This study demonstrates an inverse relationship between maternal age and adverse infant outcomes, with a substantially increased risk of adverse outcomes for infants born to teenage mothers across five high‐income settings. The twofold to fourfold increased risk of mortality in the 12 months postnatal discharge for teenage compared with older mothers was consistent and striking in all countries (except for NSW, where there were too few mortality events to compare rates), corresponding to between 10 and 20 more deaths per 10 000 infants born to teenage mothers. The 25%‐40% increased risk of preterm birth for teenage mothers was also similar between countries, corresponding to an additional 1%‐2% of preterm births compared with mothers aged 30‐34 years. There were substantial differences between countries in the effect of teenage motherhood on unplanned admissions (40%‐60% increased risk) and on ED visit rates (11%‐70% increased risk) compared with infants born to mothers aged 30‐34 years.

4.2. Strengths of the study

Strengths include the large sample size covering a range of contexts and comparability of hospital data captured in different settings. We purposefully chose outcomes unaffected by differences in coding practice and considered inpatient admissions and ED visits separately and together, based on previous evidence of differences in thresholds for admission and health‐seeking behaviours between countries.12 By comparing within‐country risks according to maternal age, we avoided making inferences about differences in absolute outcomes between countries, which might have reflected differences in obstetric or neonatal care quality or different admission policies.

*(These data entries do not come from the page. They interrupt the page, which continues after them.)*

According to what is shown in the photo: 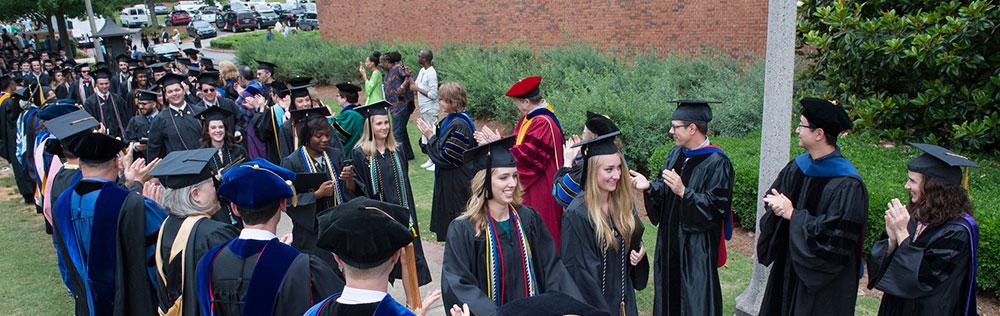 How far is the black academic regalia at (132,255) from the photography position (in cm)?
469

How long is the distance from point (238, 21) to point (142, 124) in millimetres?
45615

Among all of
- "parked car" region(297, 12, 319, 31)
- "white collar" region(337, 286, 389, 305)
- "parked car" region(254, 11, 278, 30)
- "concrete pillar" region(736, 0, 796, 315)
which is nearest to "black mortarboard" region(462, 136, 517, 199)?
"white collar" region(337, 286, 389, 305)

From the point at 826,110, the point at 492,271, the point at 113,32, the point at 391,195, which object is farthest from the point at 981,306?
the point at 113,32

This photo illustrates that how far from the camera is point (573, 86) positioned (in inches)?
516

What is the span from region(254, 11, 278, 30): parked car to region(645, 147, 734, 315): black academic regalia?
50.1 metres

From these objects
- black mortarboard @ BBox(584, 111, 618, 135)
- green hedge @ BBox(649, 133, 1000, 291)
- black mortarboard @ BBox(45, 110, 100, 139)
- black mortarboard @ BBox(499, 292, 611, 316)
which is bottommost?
green hedge @ BBox(649, 133, 1000, 291)

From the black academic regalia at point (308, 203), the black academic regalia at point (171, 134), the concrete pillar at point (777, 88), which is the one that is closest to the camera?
the concrete pillar at point (777, 88)

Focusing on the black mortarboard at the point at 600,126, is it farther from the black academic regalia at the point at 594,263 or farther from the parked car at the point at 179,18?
the parked car at the point at 179,18

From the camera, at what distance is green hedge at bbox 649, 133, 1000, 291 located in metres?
6.04

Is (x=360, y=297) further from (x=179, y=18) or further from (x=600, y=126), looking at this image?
(x=179, y=18)

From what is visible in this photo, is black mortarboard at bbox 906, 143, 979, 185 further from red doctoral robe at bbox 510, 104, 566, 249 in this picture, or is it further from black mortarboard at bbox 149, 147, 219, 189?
black mortarboard at bbox 149, 147, 219, 189

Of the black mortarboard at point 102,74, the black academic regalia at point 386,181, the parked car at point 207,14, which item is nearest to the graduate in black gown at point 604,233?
the black academic regalia at point 386,181

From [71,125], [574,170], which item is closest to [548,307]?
[574,170]

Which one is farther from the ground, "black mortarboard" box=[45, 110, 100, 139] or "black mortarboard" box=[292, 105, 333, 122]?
"black mortarboard" box=[45, 110, 100, 139] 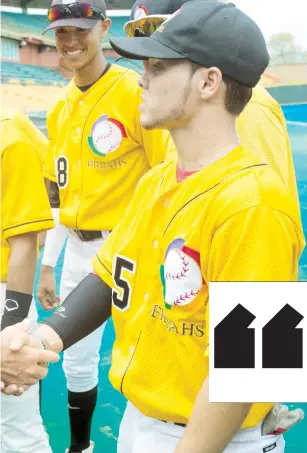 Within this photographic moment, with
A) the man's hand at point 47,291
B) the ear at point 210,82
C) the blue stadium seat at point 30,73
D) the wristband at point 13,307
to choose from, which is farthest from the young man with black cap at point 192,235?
the blue stadium seat at point 30,73

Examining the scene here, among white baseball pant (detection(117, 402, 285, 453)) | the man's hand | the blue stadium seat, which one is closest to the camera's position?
white baseball pant (detection(117, 402, 285, 453))

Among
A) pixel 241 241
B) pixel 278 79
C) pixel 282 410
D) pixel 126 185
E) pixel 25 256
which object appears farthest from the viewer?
pixel 278 79

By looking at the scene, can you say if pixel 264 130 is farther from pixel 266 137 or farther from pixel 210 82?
pixel 210 82

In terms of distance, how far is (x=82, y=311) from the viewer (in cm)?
137

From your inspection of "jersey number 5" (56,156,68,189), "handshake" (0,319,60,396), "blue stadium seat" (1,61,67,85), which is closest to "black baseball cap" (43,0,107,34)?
"jersey number 5" (56,156,68,189)

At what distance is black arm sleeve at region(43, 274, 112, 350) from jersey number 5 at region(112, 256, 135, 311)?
0.07m

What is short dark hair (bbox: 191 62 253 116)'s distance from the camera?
3.74ft

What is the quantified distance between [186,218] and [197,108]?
0.68ft

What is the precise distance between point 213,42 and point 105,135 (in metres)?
1.32

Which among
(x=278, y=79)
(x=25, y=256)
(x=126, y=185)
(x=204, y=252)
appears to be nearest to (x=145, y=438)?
(x=204, y=252)

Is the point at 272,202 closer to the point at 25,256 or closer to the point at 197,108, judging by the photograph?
the point at 197,108

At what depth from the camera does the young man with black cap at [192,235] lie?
1.03 metres

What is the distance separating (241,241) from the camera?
1007mm

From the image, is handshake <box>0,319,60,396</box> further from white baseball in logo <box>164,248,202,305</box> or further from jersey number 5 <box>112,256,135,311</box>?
white baseball in logo <box>164,248,202,305</box>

4.3. Limitations of the data

We were unable to access data on primary care or community services. In order to avoid comparisons of neonatal care between countries, we focussed on outcomes known to be related to sociodemographic disadvantage and restricted our cohort to infants surviving to postnatal discharge. However, we assumed that within each country, neonatal care was similar across maternal age groups. Our measure of preterm birth (including only those who survived to postnatal discharge) inhibits comparisons with other studies and may have resulted in an underestimation of the relationship between preterm birth and maternal age (eg if preterm infants who died before discharge were more likely to be born to teenage mothers). However, analyses exploring the breakdown of deaths before discharge by maternal age and country (Table S3) and sensitivity analyses including infants who did not survive to postnatal discharge (Table S5) provided estimates consistent with our main approach.

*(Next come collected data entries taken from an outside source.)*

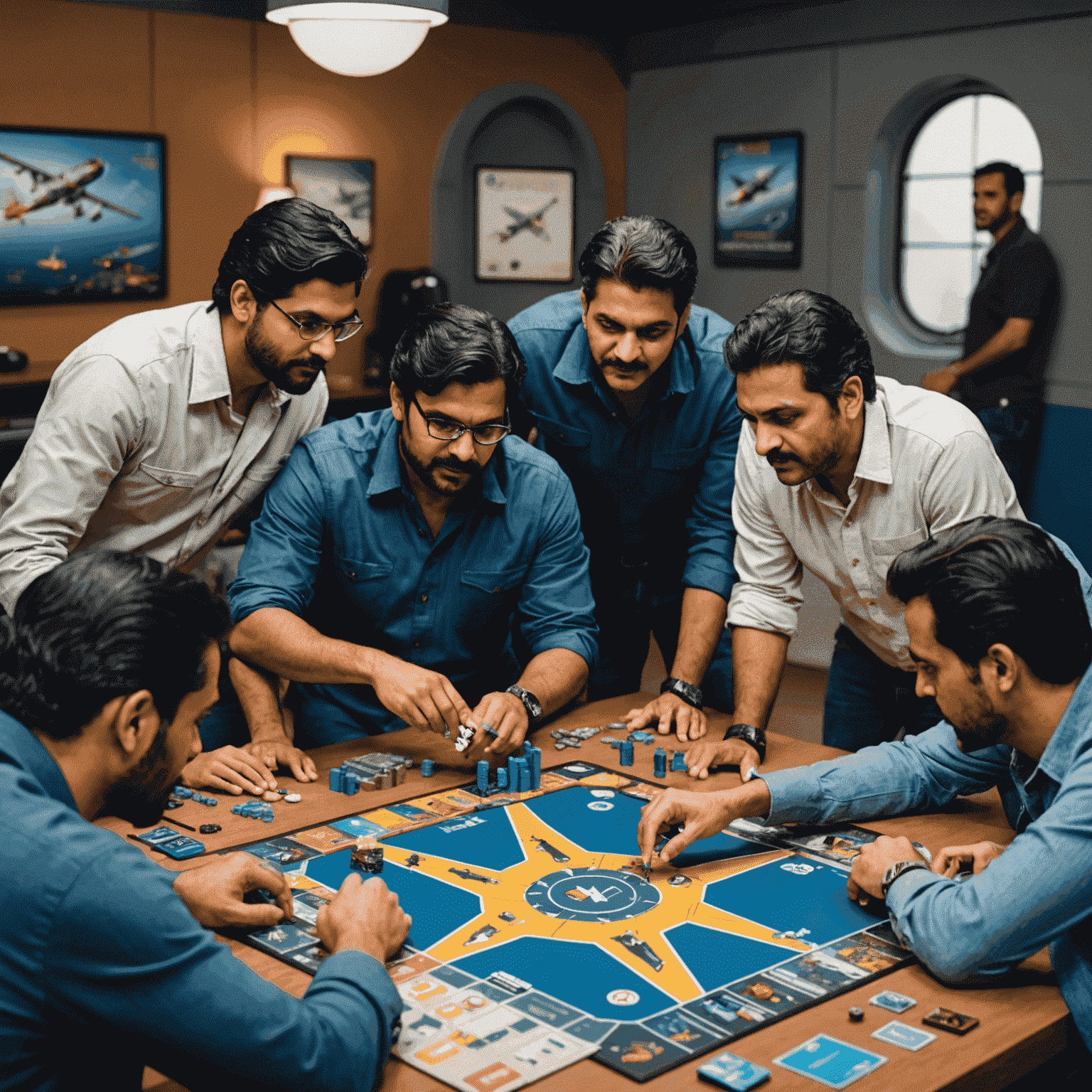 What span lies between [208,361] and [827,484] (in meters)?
1.44

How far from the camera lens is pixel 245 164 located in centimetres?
740

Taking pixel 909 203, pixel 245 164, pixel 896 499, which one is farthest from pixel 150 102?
pixel 896 499

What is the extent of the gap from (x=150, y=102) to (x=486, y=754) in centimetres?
546

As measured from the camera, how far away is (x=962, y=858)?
221 centimetres

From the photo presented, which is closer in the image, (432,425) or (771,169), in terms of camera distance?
(432,425)

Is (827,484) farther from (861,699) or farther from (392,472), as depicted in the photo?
(392,472)

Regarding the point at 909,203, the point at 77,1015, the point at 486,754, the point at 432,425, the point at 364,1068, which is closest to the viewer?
the point at 77,1015

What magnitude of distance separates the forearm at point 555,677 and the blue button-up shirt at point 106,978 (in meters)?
1.40

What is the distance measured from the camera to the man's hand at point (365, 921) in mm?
1840

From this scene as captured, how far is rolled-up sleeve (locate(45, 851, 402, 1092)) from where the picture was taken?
141 cm

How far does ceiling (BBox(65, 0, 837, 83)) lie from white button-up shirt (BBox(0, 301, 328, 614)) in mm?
5244

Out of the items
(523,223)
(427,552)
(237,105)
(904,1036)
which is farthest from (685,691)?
(523,223)

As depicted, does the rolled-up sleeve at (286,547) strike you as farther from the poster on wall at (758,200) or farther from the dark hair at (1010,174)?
the poster on wall at (758,200)

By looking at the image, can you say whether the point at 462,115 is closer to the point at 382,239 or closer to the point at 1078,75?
the point at 382,239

This study was limited by some methodological difficulties. Firstly, the SES measures are unlikely to capture all social risk factors related to teenage motherhood, since age at childbirth, in and of itself, is a measure of social risk.13, 14 The relationship between deprivation at the neighbourhood, household, and individual level is complex, particularly for teenage mothers who may live with relatives. For Sweden, we had access only to SES quintiles for the population of mothers included in the cohort; this may have diluted the relationship between SES and teenage pregnancy, as mothers (especially teenagers) are more deprived than the general population.15 Secondly, we did not have any information on parity, and it is possible that some of the effect of teenage motherhood can be explained by teenage mothers more often being first‐time mothers than older mothers. However, almost a third of those who fall pregnant as a teenager go on to have a second teenage pregnancy in the UK, and evidence from a number of countries shows that teenage mothers remain at risk of adverse birth outcomes, even in their second pregnancies.16

Further limitations include insufficient power to formally examine the relationship between effect sizes and rates of livebirths to teenage mothers in each country (eg using meta‐regression), and suppression of small cell sizes for data protection, which meant that we were unable to investigate additional covariates or causes of admission. Levels of missing data varied by country (Table S4) and may have been related to variables of interest. However, sensitivity analysis using multiple imputation for missing data provided results consistent with the main analysis (Table S5). Finally, a full analysis of policy context of targeted support for young and vulnerable mothers may help explain differences between countries, but was beyond the study scope.

4.4. Interpretation

Whilst revealing variation in the effect of teenage motherhood across five high‐income countries, our findings did not demonstrate clear patterns according to rates of livebirths to teenage mothers, relative disadvantage of teenage mothers, or universality of preventive strategies and access to services. Sweden provides a context where primary preventive strategies are successful in reducing teenage pregnancies: teenage mothers in Sweden account for only 1.1% of births compared with 2.8% in Ontario, 3.0% in NSW, 4.6% in England, and 5.4% in Scotland (Table S1). However, the substantial increased risk of preterm birth and postdischarge infant mortality for teenagers who do become mothers in all five countries could indicate that choice about motherhood may be most limited for disadvantaged women who have social risk factors associated both with teenage pregnancy and with adverse birth outcomes. Despite Sweden's low rates of teenage motherhood and smaller social disparities (eg as measured through relative child poverty) compared with the other countries, our ecological analysis suggests that secondary prevention strategies for promoting the health of teenage mothers and their babies in Sweden are no better or worse in relation to countries with greater social disparities and less welfare benefits.17 More evidence on the targeting, delivery, and fidelity of specific policies aimed at young or vulnerable mothers (Box S1) is needed to understand the relative effects of these strategies in different contexts.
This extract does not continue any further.